Movie date: The Last Five Years
Our Mars versus Venus take on the film you need an opinion on
STARRING: Anna Kendrick, Jeremy Jordan
DIRECTOR: Richard LaGravenese
THE SKINNY: Marriage is never a bed of roses and this musical addresses just that. We see struggling actress Cathy (Kendrick) lamenting the end of her five-year relationship with successful writer Jamie (Jordan). The story about their whirlwind romance, marriage and its failure is told entirely through songs. Based on Tony-winning composer Jason Robert Brown's acclaimed musical of the same name.
THE CONSENSUS: For those into bittersweet love stories, this is a unique movie musical anchored by a strong leading pair.
I've never seen a movie quite like this.
Movie musicals tend to be sort of larger than life, and that's kind of the point.
People go to musicals for a SHOW - a huge cast in fanciful costumes singing and dancing their pants off amid lavish settings.

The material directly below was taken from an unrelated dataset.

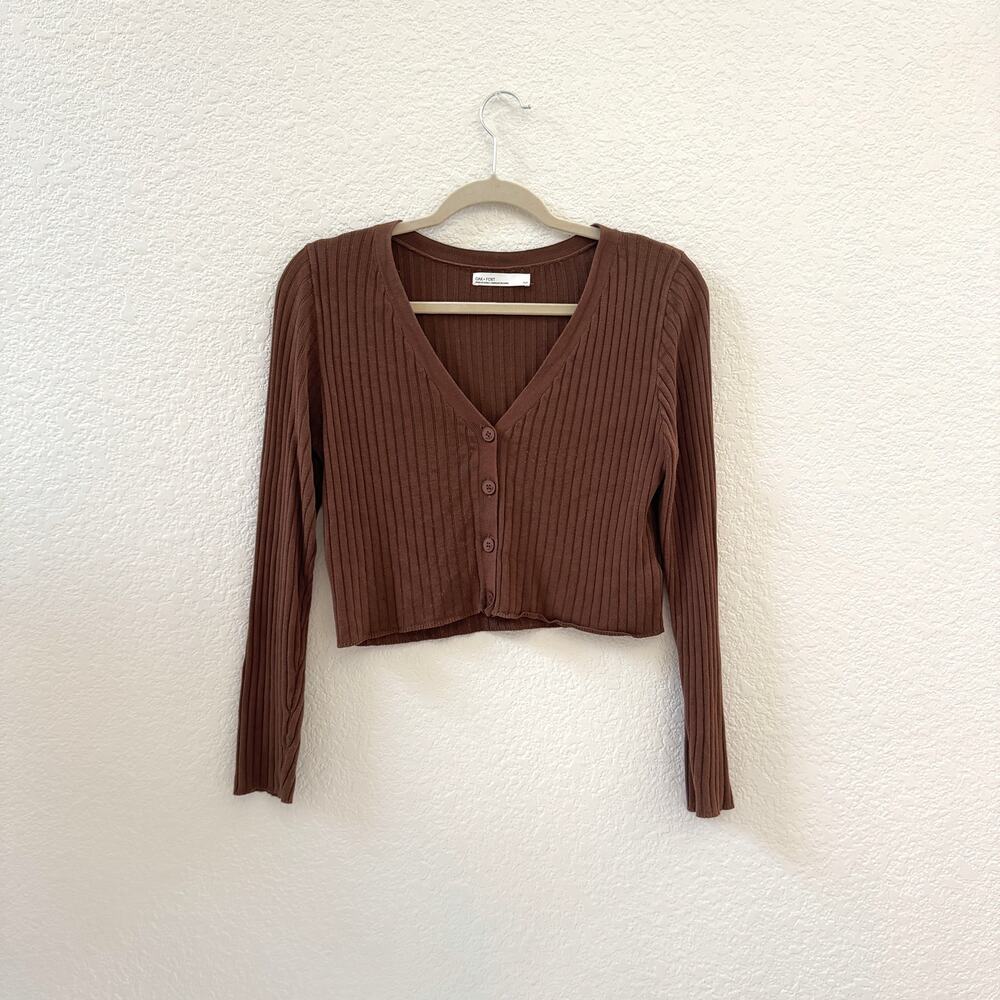 Oak + Fort Brown Ribbed Lightweight Cropped Cardigan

The Last Five Years isn't like that.
It's small. It's intimate.
Basically the two stars are the only people in the whole movie, with the supporting cast being more or less props.
Kendrick's wardrobe looks like it came from Forever 21.

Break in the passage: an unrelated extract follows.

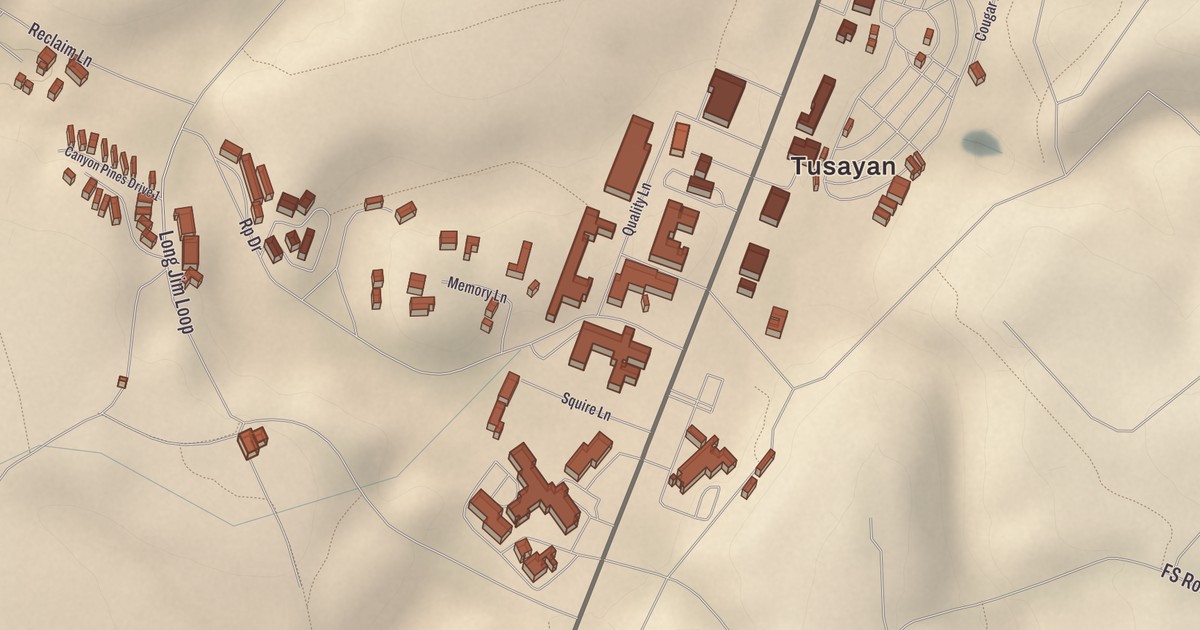 Beautifully Detailed Map of Tusayan, Arizona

The film seems like it was shot on location rather than sets. There are no big production numbers.
The song lyrics deal with the specific, everyday issues rather than try to make some sweeping statement.

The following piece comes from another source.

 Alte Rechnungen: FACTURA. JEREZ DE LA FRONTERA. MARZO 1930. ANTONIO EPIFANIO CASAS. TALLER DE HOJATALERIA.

There's no Let It Go here.
While most movie musicals tend to also have a lot of spoken dialogue, this one has almost none.
It starts with a song and the songs keep coming.
None of them are particularly catchy, but they're often witty and keep the story moving along nicely.
I found it really engaging.
Both Kendrick and Jordan are supertalented, and they attack the material like the seasoned pros they are.
I particularly like the scene where he sings to her about the book he's writing, and it turns out the main character is based on her.
Kendrick has proven herself to be a bona fide triple threat.
She puts her Broadway experience and amazing vocal pipes to good use here.
Her singing skills caught my attention in Pitch Perfect, and she wowed me again in Into The Woods.
Then there's the upcoming Pitch Perfect sequel.
I just hope she's not going to be pigeonholed in this movie musical genre.
She obviously has dramatic chops.
You can tell when she draws you into her story and you end up taking her side, even though the plot gives equal footage to both parties.
There's just something magnetic about her that captivates you entirely - even when she doesn't quite hit certain notes all that well.
Not to take anything away from Jordan, a Broadway actor, though.
Perhaps hers is the underdog story, or she's simply more appealing.
How the film unfolds is unconventional.
She tells her version of their love story at the bitter end of the relationship and then moves backwards. His unfolds chronologically and they both meet in the middle, where they exchange vows.
This is one of the rare films in which the romance is grounded in reality and happily-ever-afters are not for everyone. It's certainly not your paint-by-numbers Hollywood love story.